Use a spatula to scrape batter into the pan. Smooth the top. Gently press the cherries into the batter, forming concentric circles. I find it easiest to start from the outside and work my way in. The tops should be just showing. You can smooth the whole thing with a wet spatula to make sure the top is even.
The original says to bake for 50 minutes to an hour. I baked mine in a convection oven for 40 minutes and thought it was actually a bit overdone. So perhaps start with 30 if you have a convection oven and check it. It does look a bit dry on top, but should be moist but set inside. Once cool enough to handle, remove from pan and allow to cool on a rack.
Meanwhile, roll out your marzipan or almond paste in between two pieces of waxed paper. Sprinkle with powdered sugar to prevent sticking. The idea is to roll out the marzipan into a circle that will fit the top of the cake. Use the bottom of the springform pan as a guide. You want it to be thin, about 1/16 inch. I put mine into the freezer for a few minutes after rolling to make moving it off the paper easier. Take off one side of the paper and carefully place the marzipan on the cake. Remove the other piece of paper. You can cut the overhang with a paring knife to make it neat.
To make the ganache, bring cream and coffee to hot, but not quite boiling in a heavy-bottomed pot. Take off heat and stir in chocolate. Mix until smooth. You can add 1–2 tbsp hot water if it seems too thick. Let the ganache cool until spreadable, but not hard.

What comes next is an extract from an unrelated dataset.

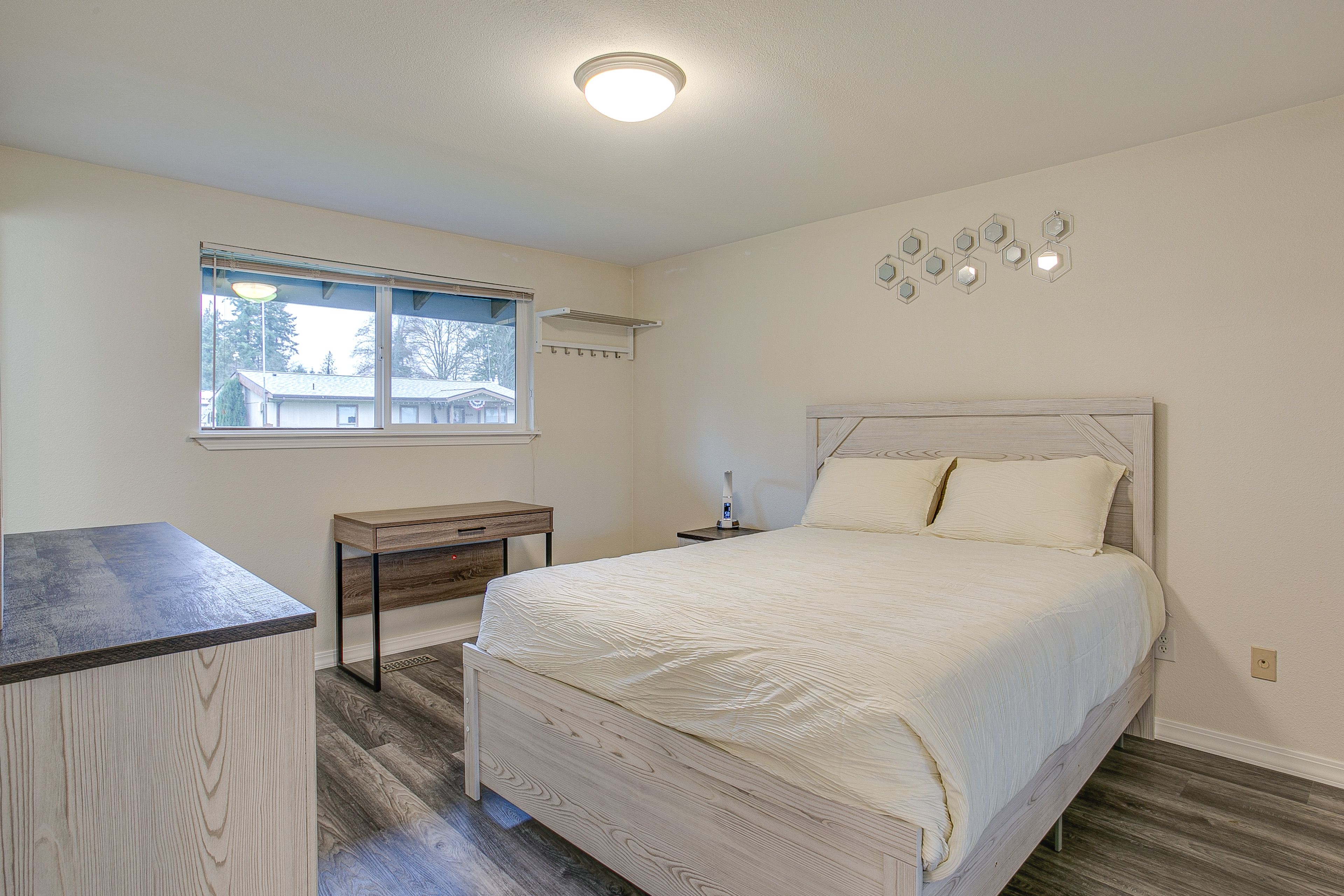 Bedroom 2 | Queen Bed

Place rack, with cake on it, over a sheet pan or waxed paper to catch ganache droppings. Pour a thin layer of ganache on top and use an offset spatula to smooth it over the top and sides. You can chill the cake and add a second coat if necessary (I did not do this).
I think this cake actually tastes better the next day. It gives it time for the flavors to meld and the moisture of the cherries comes out into the cake. You can keep it covered at room temp for a few days, I used a cake tin. You can also keep it in the fridge, but the ganache will lose its pretty shine.
I always have extra cherries, marzipan, and ganache. Last time, I covered the cherries with marzipan pieces and then dipped the whole thing in the ganache. I lined the outside of the cake with them. It was fabulous.
This cake will always remind me of my dad. I plan to bake it at least once a year to remember him. I hope you enjoy it too.